The RCN leader stressed: ‘When you introduce a “market-based” approach to organisations like the NHS, you often see a “race to the bottom”, where providers scramble to offer the cheapest service, leading to the cutting of corners and the fragmentation of services.

‘This isn’t in the interest of the patient, it isn’t in the interest of the nurse, and it isn’t in the interest of the NHS.’

He warned that ‘the Bill could well turn out to be the biggest disaster in the history of our public services’.

Carter said that ‘what really angers me’ is ‘when people use the phrase “public sector” like it’s a bad thing.’

He told Congress: ‘Your pension isn’t gold-plated, it’s measly; your pay isn’t inflated, it’s frozen and your job isn’t easy, it’s one of the hardest jobs in the United Kingdom.

‘Then friends, there’s your pensions . . . let’s just reflect on what’s being asked of you: pay more, work longer, get less – what kind of deal is that?

‘The government should listen to us: the NHS pension scheme currently has an annual surplus of £2 billion, they do not need this fight at this time.’

He went to say: ‘Today, we exposed that across just 21 trusts nearly 10,000 posts are set to go the majority are clinical posts and 46 per cent are nursing jobs – that’s almost half.

‘This, despite the pledge that the government would “cut the deficit, not the NHS” and that frontline jobs would be protected. Our data is a damning indictment on those promises.’

He added that nurses in the private sector were losing their jobs too, as ‘many stopped paying for private healthcare, they just couldn’t afford it’.

He said while nurses are facing job cuts and pay cuts ‘bankers in the City are still pocketing bonuses worth the same as the salaries of three, four or five nurses, and some of them walk away with millions.’

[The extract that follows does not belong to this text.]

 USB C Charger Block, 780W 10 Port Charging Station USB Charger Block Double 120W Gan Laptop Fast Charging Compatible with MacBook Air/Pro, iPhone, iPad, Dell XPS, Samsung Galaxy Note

He warned the coalition: ‘If they think nursing staff will sit quietly whilst the rights you depend on are taken away, they are very wrong indeed.

‘We will stand up, we will fight and we will be heard.’

He said nurses marched on London ‘to prove just how passionately you care about patient care’ and, while ‘we should never condone action that would be detrimental’ to patients, ‘in all my time in this job, never before have so many of you spoken to me about industrial action.’

He concluded by pledging: ‘We will continue to fight for you and everything you deserve.’